While UBER REWARDS PASSENGERS FOR LYING.

WHILE UBER OFFERS DRIVERS NO RECOURSE !

Realizing THAT I COULD LOSE EVERYTHING !
Everything
BECAUSE OF LIES !

NO THANK YOU.


----------



## Over/Uber (Jan 2, 2017)

Nice double post tohunt4me ;-)

I'm a driver whose account is suspended because of passenger heresay or lies. Two weeks now. Still waiting for the investigation team to contact me to get my side of the story. At this point, prolly not until after Christmas.

I'm sure the paxhole has still been in the app, antagonizing drivers all over the city. She has no consequences nor is her account suspended during the "investigation."

The struggle is real. Driver Partner?? Beh

Oh. 2019. Year of the new job.


----------



## tohunt4me (Nov 23, 2015)

Over/Uber said:


> Nice double post tohunt4me ;-)
> 
> I'm a driver whose account is suspended because of passenger heresay or lies. Two weeks now. Still waiting for the investigation team to contact me to get my side of the story.

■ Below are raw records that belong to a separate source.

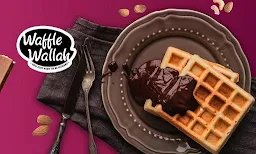 Waffle Wallah - Logo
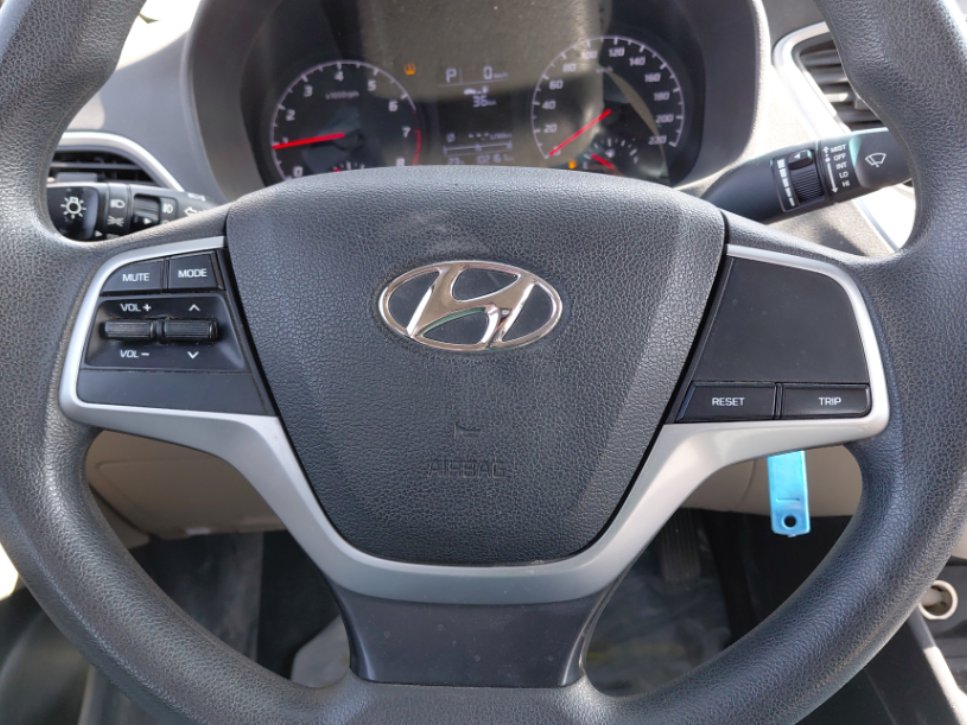 Hyundai Accent GL 2022 image
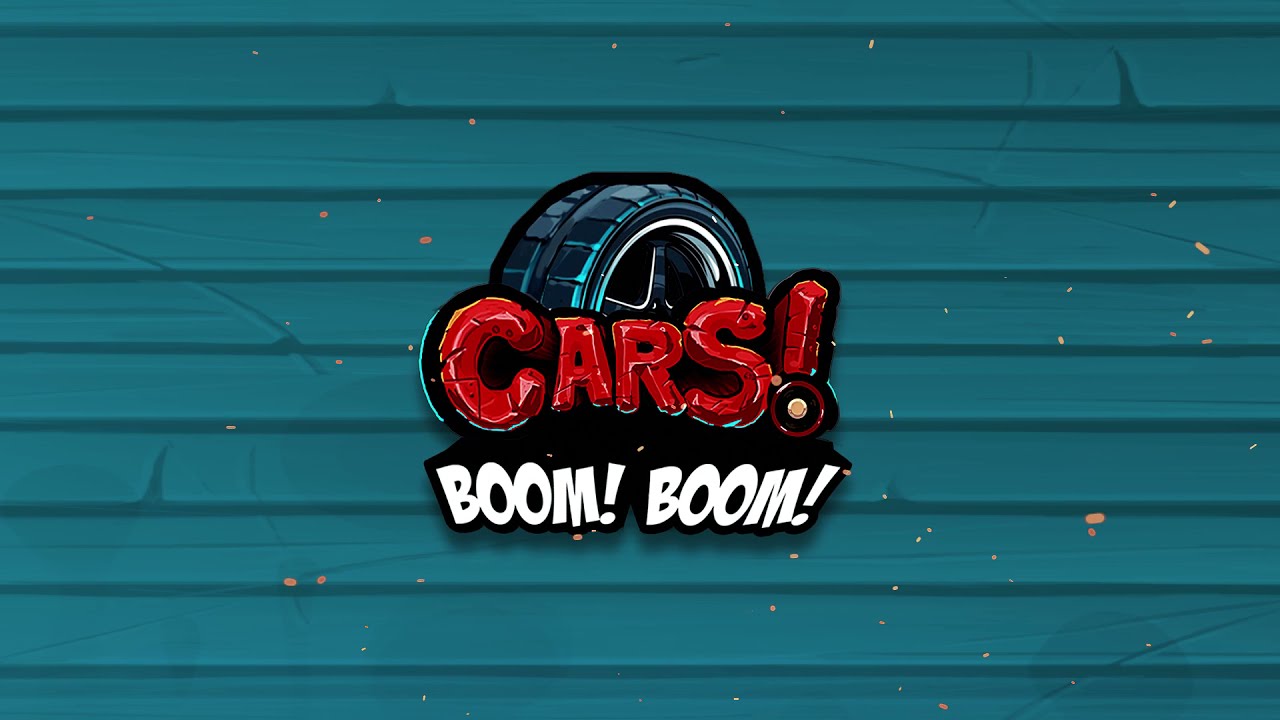 Cars! Boom Boom! MOD APK cover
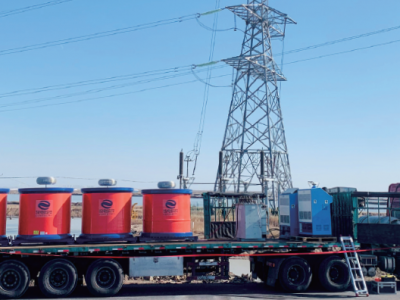 高压电缆变频谐振耐压试验装置/平台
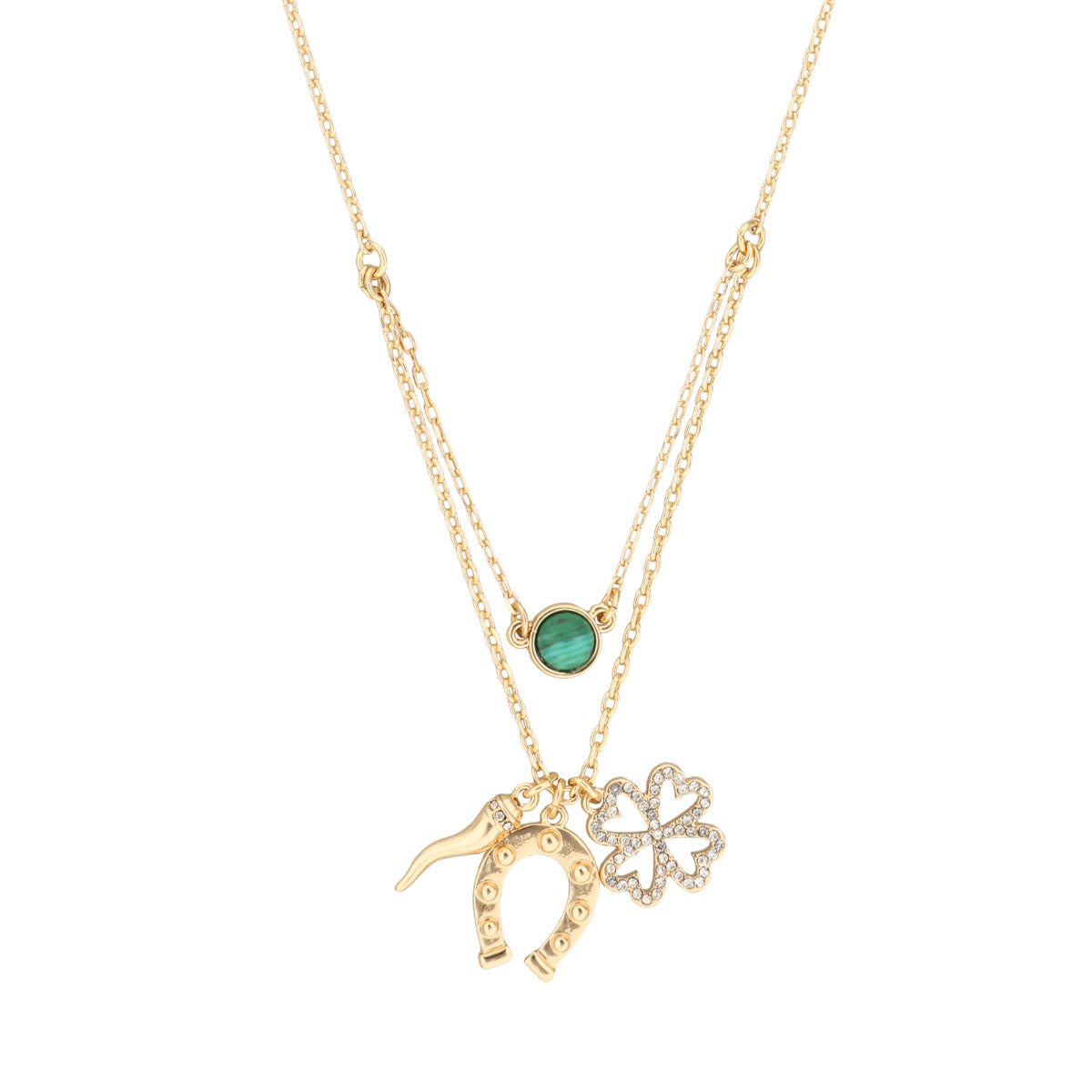 SET ANNE KLEIN CHARMING BX SETS A24 DORADO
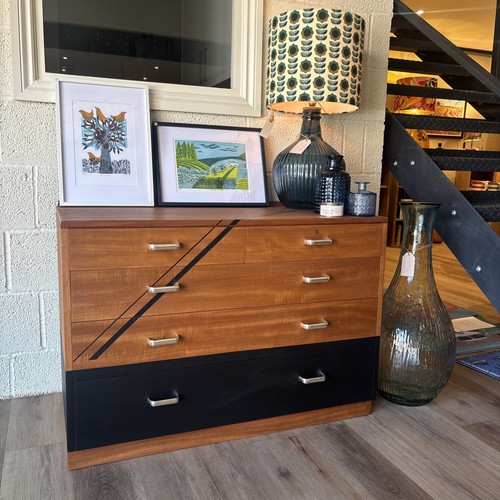 Vintage mid century teak - mid,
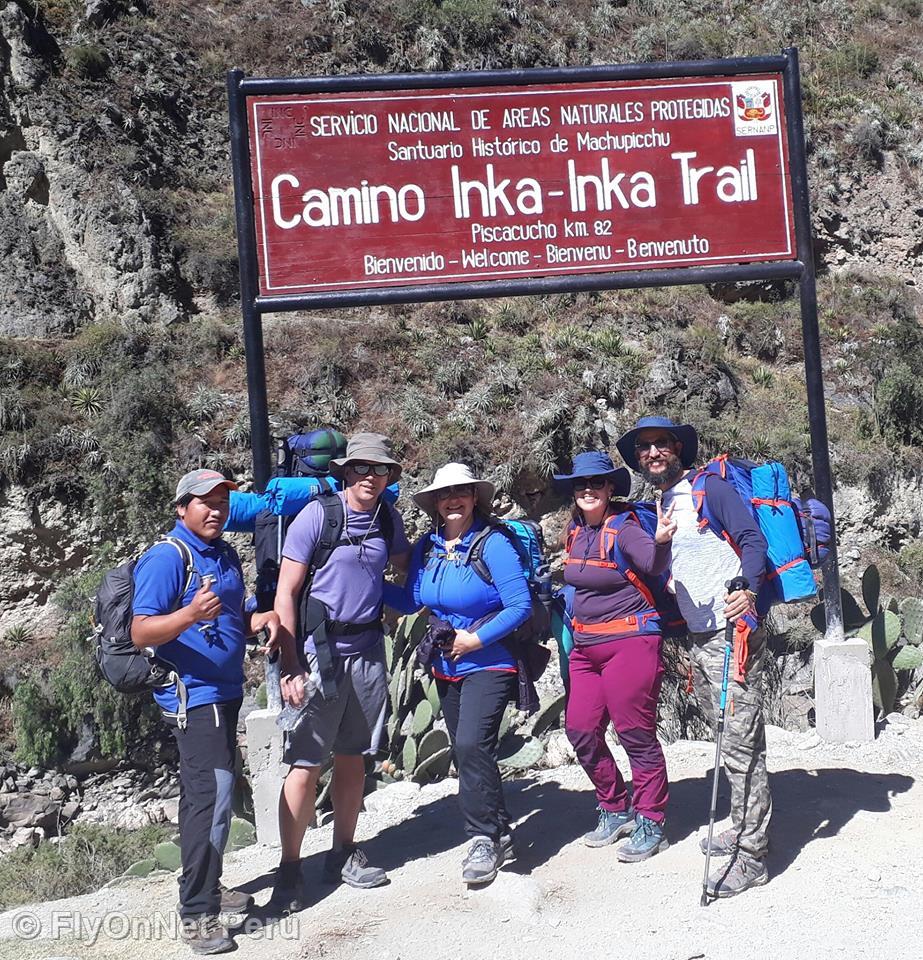 Fotóalbum: Inca Trail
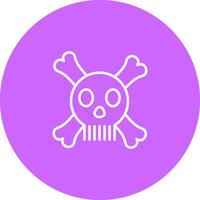 Death Sign Vector Icon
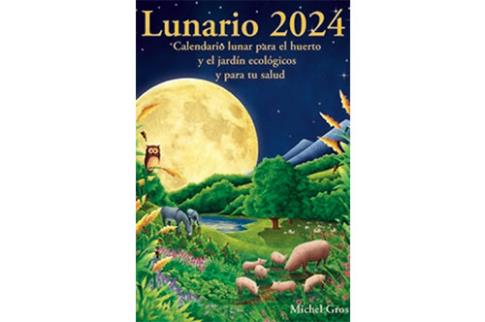 LIBROS DE ASTROLOGA | LUNARIO 2024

At this point, prolly not until after Christmas.
> 
> ...


The button malfunctioned. . .
" TECHNOLOGY"

The Trickster .


----------



## Pax Collector (Feb 18, 2018)

felixdriver said:


> Is it worth it?


No! If you have the chance, quit. That's the best advice. Unless you somehow do it for fun...

Invest 100% of your time in your business. Your time and money that's invested in ridesharing isn't going to yield you that much of a return.


----------



## Cape67 (May 17, 2016)

I left after 3 years because I refuse to work for a company who believes in pay decreases for their "contractors" while charging more.
Also, the first year was great, met a lot of interesting people, second year was hit or miss, final year was mostly bottom feeders.
The last weeks made me realize how much of a third-world underbelly there really is here in the US.
My three favorite achetypes were
1) "drunk loser guy with a chip on his shoulder"
2) "twenty year old man-child whose girlfriend/mommy pinged him a ride"
3) "my phone is permamently glued to my face"


----------



## tohunt4me (Nov 23, 2015)

Cape67 said:


> I left after 3 years because I refuse to work for a company who believes in pay decreases for their "contractors" while charging more.
> Also, the first year was great, met a lot of interesting people, second year was hit or miss, final year was mostly bottom feeders.
> The last weeks made me realize how much of a third-world underbelly there really is here in the US.
> My three favorite achetypes were
> ...


BUILD THE WALL

OR THE AMERICAN THIRD WORLD GETS BIGGER !


----------



## Hans GrUber (Apr 23, 2016)

Honestly, it's sad, but I don't care. The thing that finally got me out was my car dying. It forced me to build a new resume and start interviewing. It's hard to explain just HOW HAPPY I AM to be out of Uber. So even though it took killing my car (which was a lease), I'm happy to be out. The job made me soooooo miserable by the end of it.


----------



## 7Miles (Dec 17, 2014)

I think they do start getting shortage of drivers. My account was deactivated with Lyft due to expired form , I didn’t care . But all of sudden they reactivated it. Why? I didn’t ask them to reactivate me. Someone actually found my account and reactivated .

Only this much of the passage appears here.